What is required:
Where the lines below hold images, skip those and copy every word exactly.

################

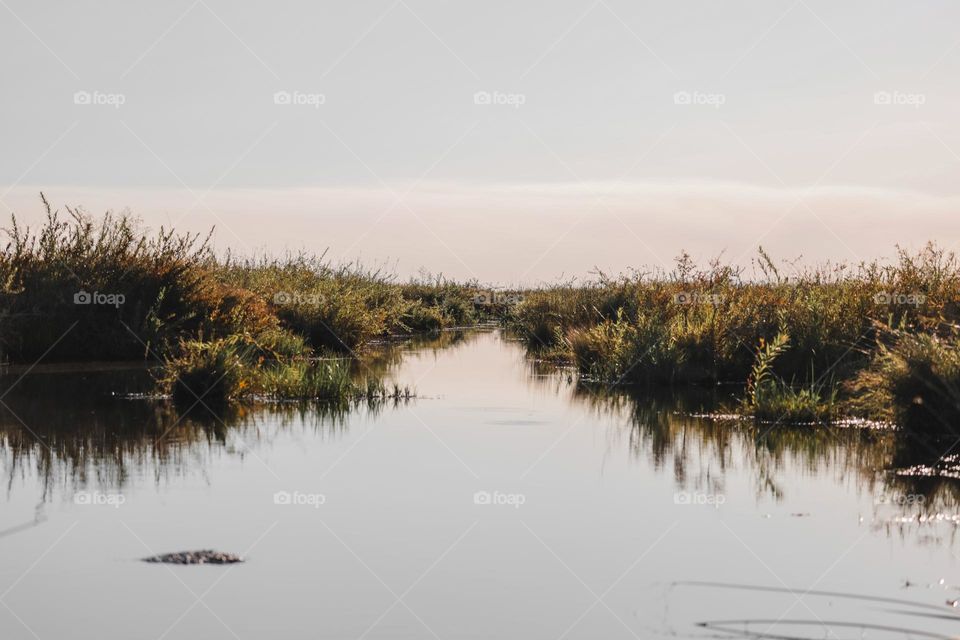 Esteros del Iberá, Argentina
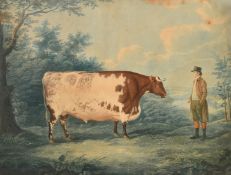 J. Whessell after J. Boultbee, 'The Durham Ox', hand coloured stipple engraving, trimmed and title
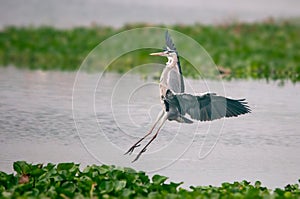 A grey heron landing on green grass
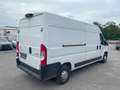 Citroen Jumper L3H2 2.2 BLUE HDI Bianco - thumbnail 2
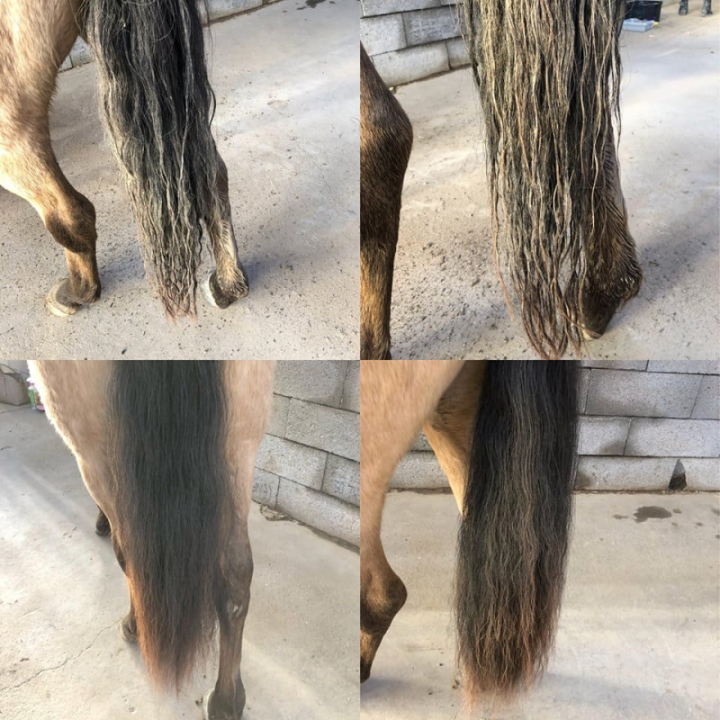 Ravene easy shine spray 750ml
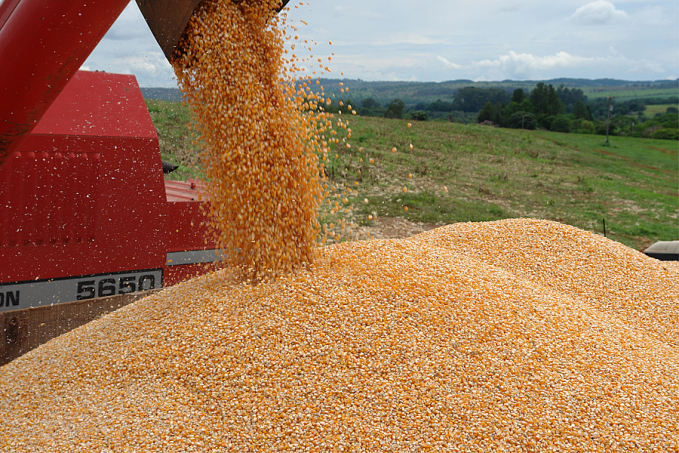 Conab realiza leilão para adquirir milho em grãos e abastecer estoques públicos - News Rondônia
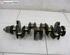 Crankshaft RENAULT LAGUNA II Grandtour (KG0/1_)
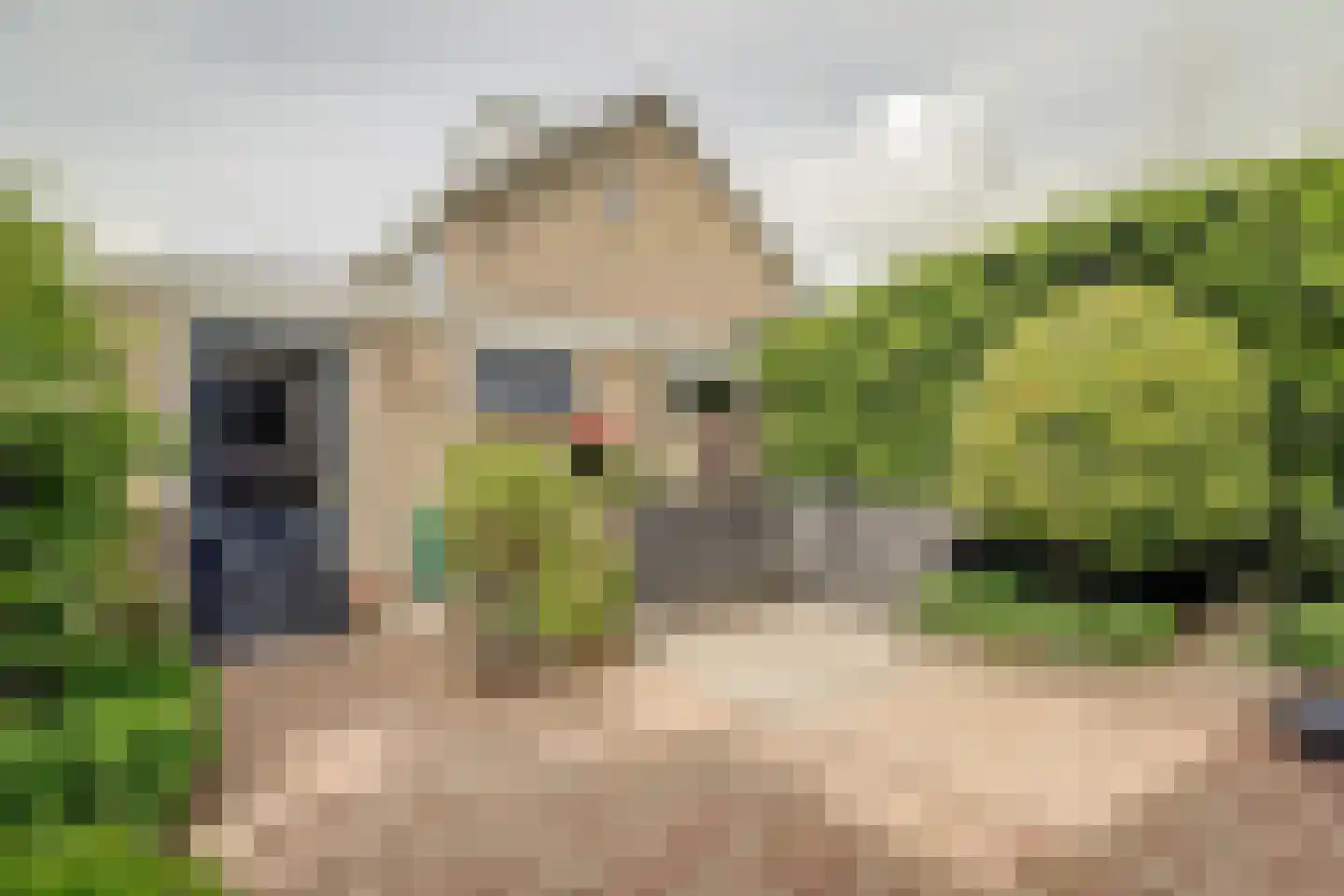 Wijde Klaver 4 Spanbroek foto 3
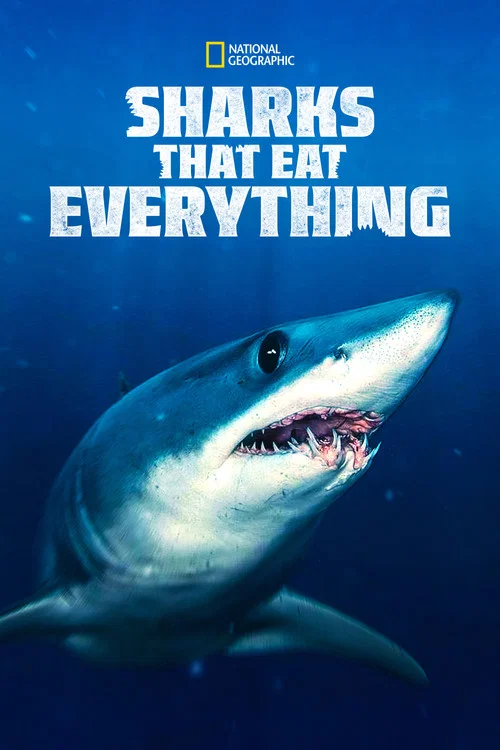 Постер: Sharks That Eat Everything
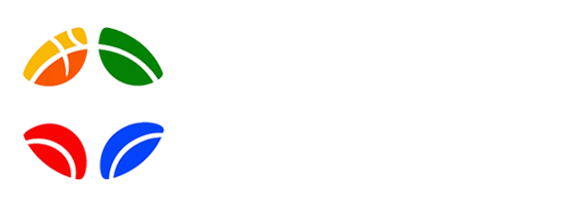 新发展体育
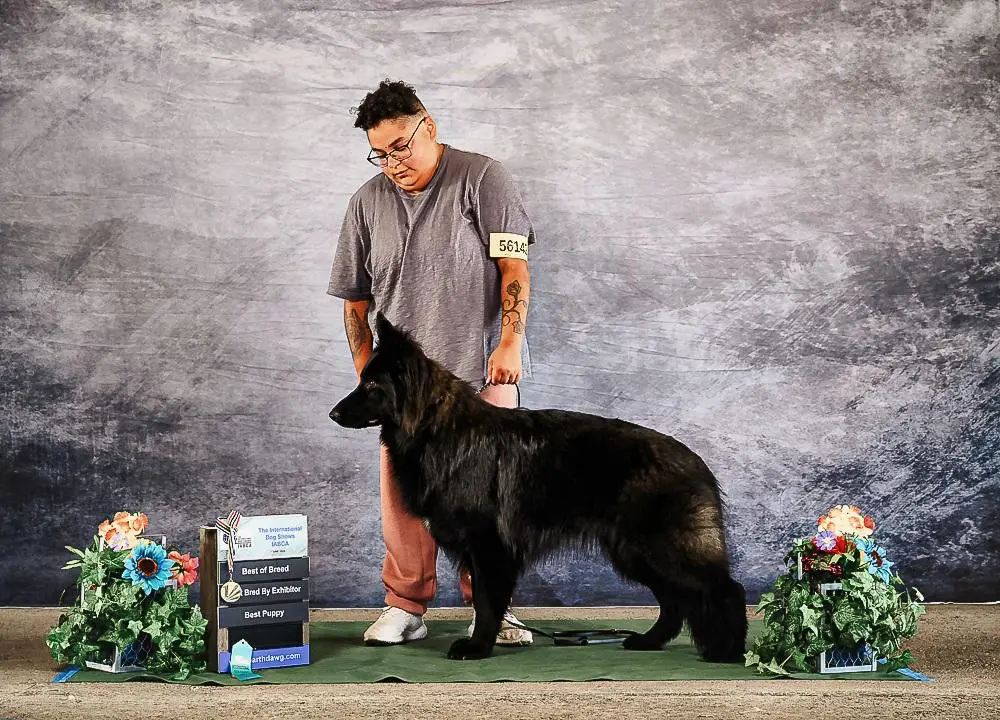 UKC CH Nat/Int/Hnr SrCH Supa Dupa Fly vom Crescent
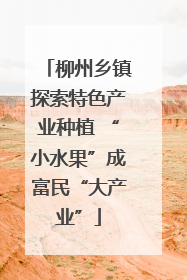 柳州乡镇探索特色产业种植 “小水果”成富民“大产业”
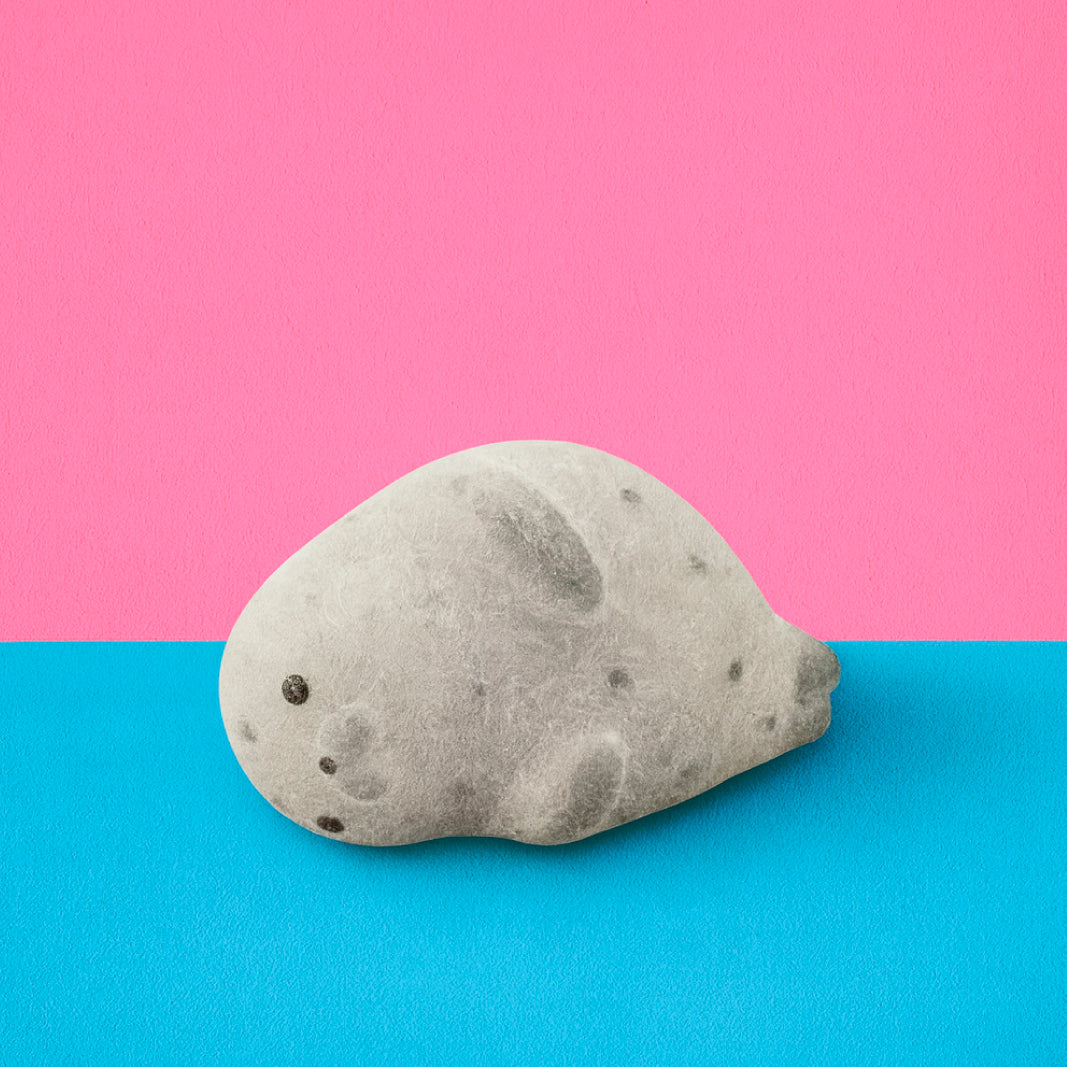 Foca Premium Squishy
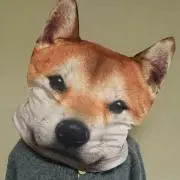 黒柴の画像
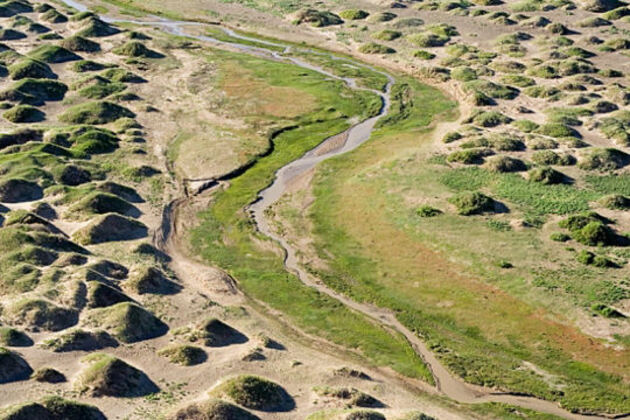 Le désert de Gobi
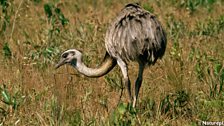 Common Greater Rhea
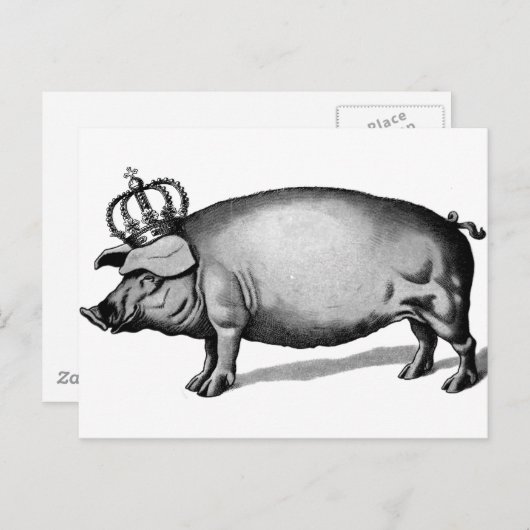 Pig Crown Royal Queen Big Piggy Briefkaart (Voorkant / Achterkant)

################

Output below:
 Esteros del Iberá, Argentina
 J. Whessell after J. Boultbee, 'The Durham Ox', hand coloured stipple engraving, trimmed and title
 A grey heron landing on green grass
 Citroen Jumper L3H2 2.2 BLUE HDI Bianco - thumbnail 2
 Ravene easy shine spray 750ml
 Conab realiza leilão para adquirir milho em grãos e abastecer estoques públicos - News Rondônia
 Crankshaft RENAULT LAGUNA II Grandtour (KG0/1_)
 Wijde Klaver 4 Spanbroek foto 3
 Постер: Sharks That Eat Everything
 新发展体育
 UKC CH Nat/Int/Hnr SrCH Supa Dupa Fly vom Crescent
 柳州乡镇探索特色产业种植 “小水果”成富民“大产业”
 Foca Premium Squishy
 黒柴の画像
 Le désert de Gobi
 Common Greater Rhea
 Pig Crown Royal Queen Big Piggy Briefkaart (Voorkant / Achterkant)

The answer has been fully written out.